Lessons from a squirrel

I had never seen a squirrel die before.

Please be more careful, all you squirrels out there.

Growing up in the country I saw more than my share of roadkill, but somehow escaped childhood unmarred by the sight of a rodent dashing to his death under a car tire. That all changed this week.

Less than a mile into a run through the bucolic byways near my parents’ house, I saw the squirrel run out into the street. I thought that squirrels had some sense that kept them from going straight under the wheel, but I soon learned otherwise. The poor guy ran, stopped just outside the car’s path, darted into the middle, toward the right, then toward the left just as the left tire made its way over little buddy’s head.

“You don’t see that in Boston,” I thought as I made my way into the 5-way intersection that was governed by nothing but stop signs and drivers’ good will until very recently. In fact, that intersection helped me understand libertarianism. Sometimes if you leave people alone and give them no guidance, they will figure it out on their own (NB: 5-way intersections are one of the few places this principle applies). Now it’s a rotary, which has seriously confused some of the elderly drivers in the neighborhood.

Rounding the corner came the old familiar sight: a tobacco barn. For a region which had an economy based entirely on tobacco and firearms, upstate CT can be remarkably genteel. I have to smile when I see a barn still standing; most of them are now defunct, and many have been plowed over so the good people of my home state can have another Old Navy.

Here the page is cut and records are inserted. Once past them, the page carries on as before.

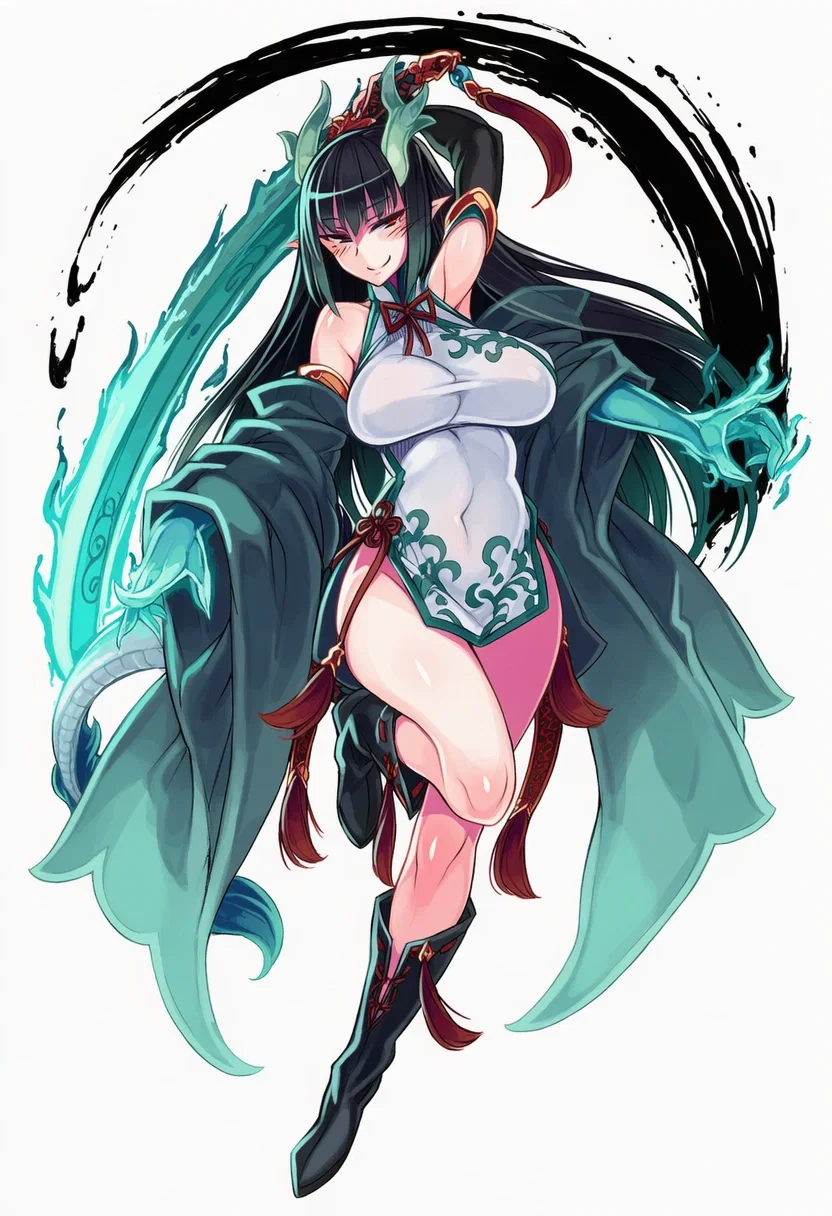 Avatar of Ryu (MGE OC)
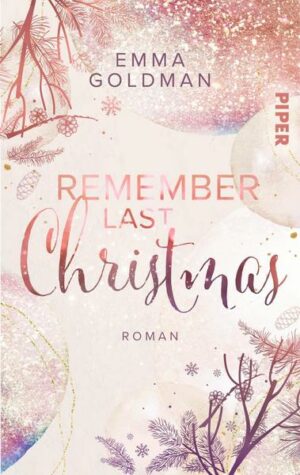 Remember Last Christmas
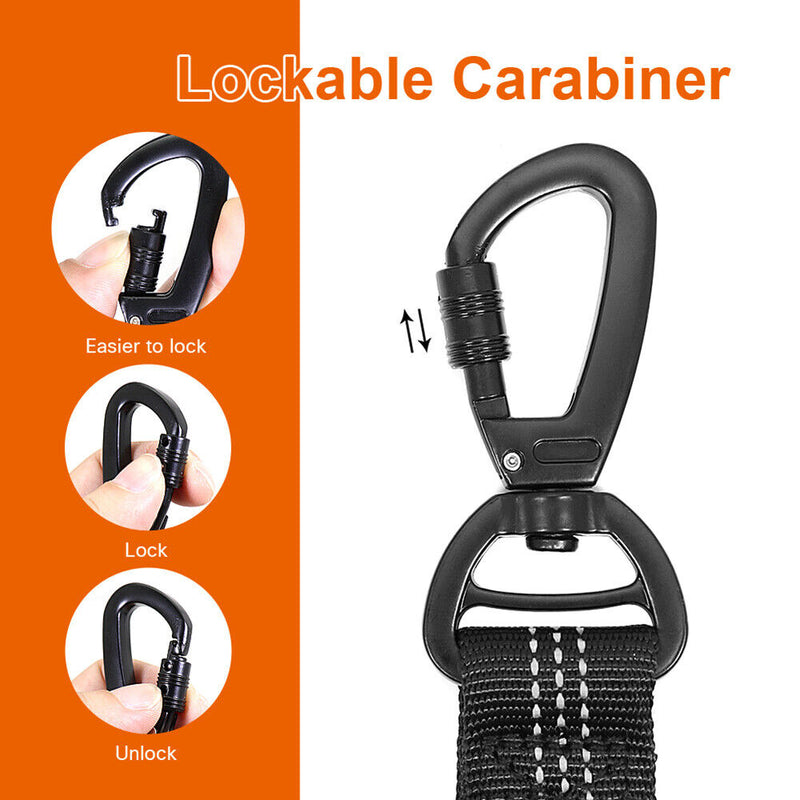 Adjustable Dog Cat Car Safety Belt Pet Vehicle Seat Belt Leash for Dogs Tra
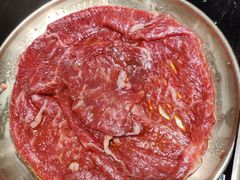 -西塔老太太泥炉烤肉(龙湖北苑天街店)
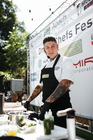 Dnipro Chefs Fest.Gastro /  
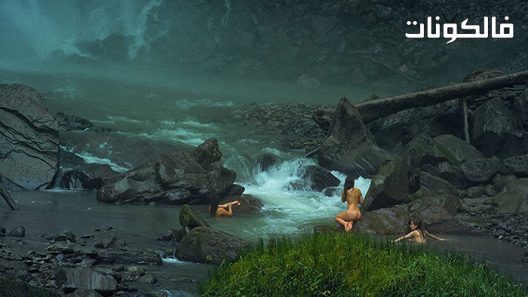 فيلم Luz: The Flower of Evil 2019 لوز: زهرة الشر موقع موفيز فوريو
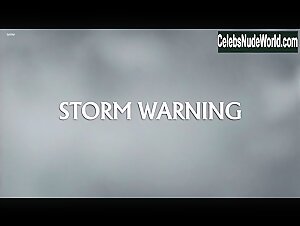 Nadia Fares in Storm Warning (2007) 2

Not long after that I approached a farm stand bursting with fresh veggies, unattended. Prices were listed and a drop box was available for people to pay. It was on the honor system. THE HONOR SYSTEM!! Now there’s something you don’t see in Boston.

Hills rolled on and I kept running. The only tough hill on the route I usually run is by a farm we always referred to as the “silly silo”. I don’t know why. There are horses aplenty and the accompanying stink. Signs advertise fresh eggs in a collapsing wooden stand out front of the dingy decrepit house. It wasn’t until I had been away from the area for a while that I realized whoever lived there was poor in a way I didn’t know existed so close to home.

There is a long slow incline past only a few spread-out houses, then a sharp turn, then two more hills and my parents’ driveway. It is a glorious run.

Part of being sacramental is to be rooted in place, but I wonder if aside from that there is also a nagging itch that can’t be sated by mere place. We love a place but are always restless. In fact, sometimes I feel like the squirrel running between the two wheels of the car, between city and country, longing for quiet and longing for bustle and loving them both, trying not to be crushed.